WHAT THIS TASK INVOLVES: Pictures stay out of the copy, which must hold exactly the lines from the one containing "Коллекционная машинка Serinity" through the end of the material below.

DATA:
--- START ---
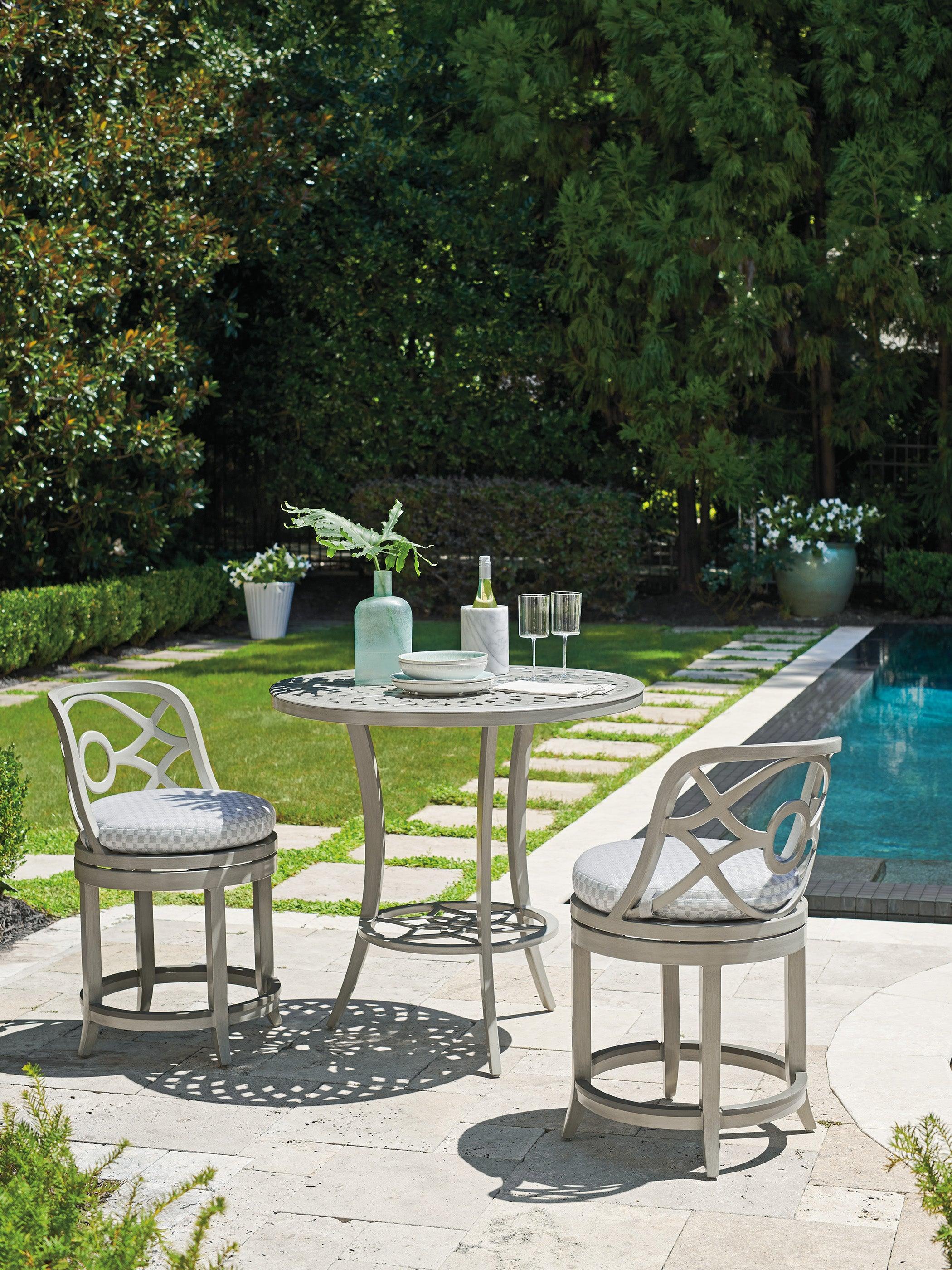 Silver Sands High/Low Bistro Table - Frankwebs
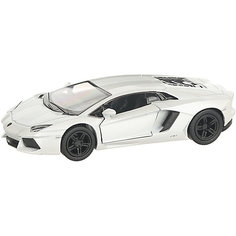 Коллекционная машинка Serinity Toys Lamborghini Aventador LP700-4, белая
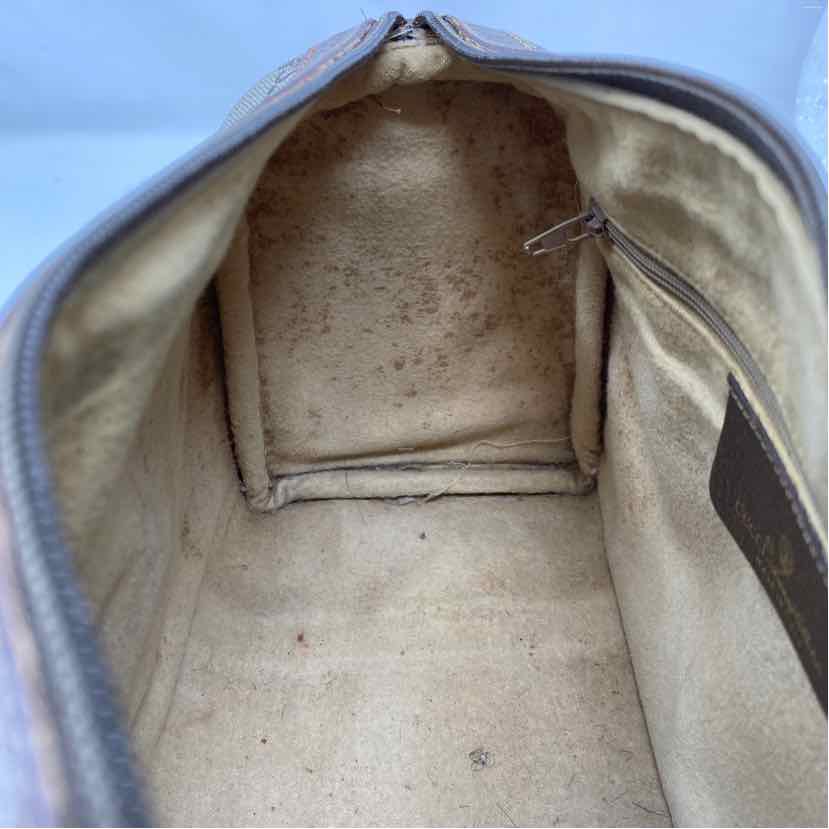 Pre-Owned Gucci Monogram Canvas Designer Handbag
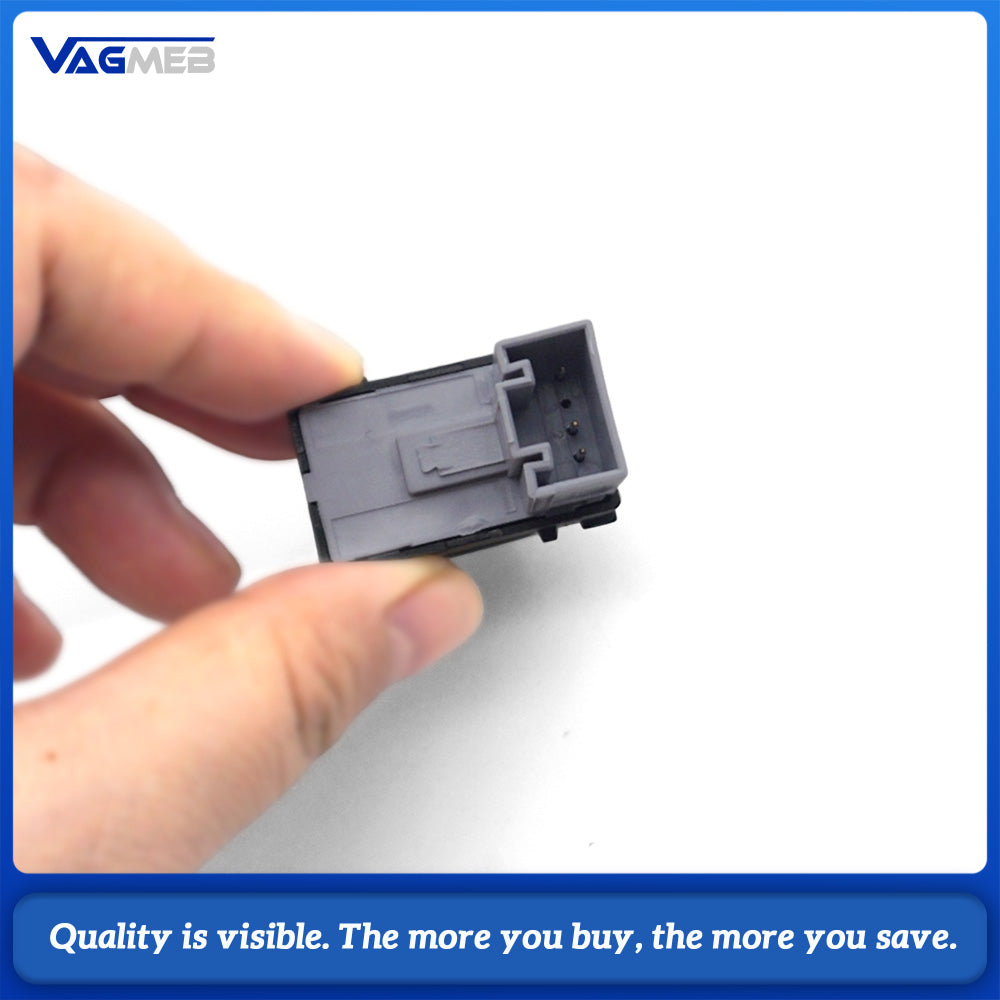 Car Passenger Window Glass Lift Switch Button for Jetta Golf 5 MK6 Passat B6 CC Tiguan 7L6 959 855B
--- END ---
ANSWER SPACE:
 Коллекционная машинка Serinity Toys Lamborghini Aventador LP700-4, белая
 Pre-Owned Gucci Monogram Canvas Designer Handbag
 Car Passenger Window Glass Lift Switch Button for Jetta Golf 5 MK6 Passat B6 CC Tiguan 7L6 959 855B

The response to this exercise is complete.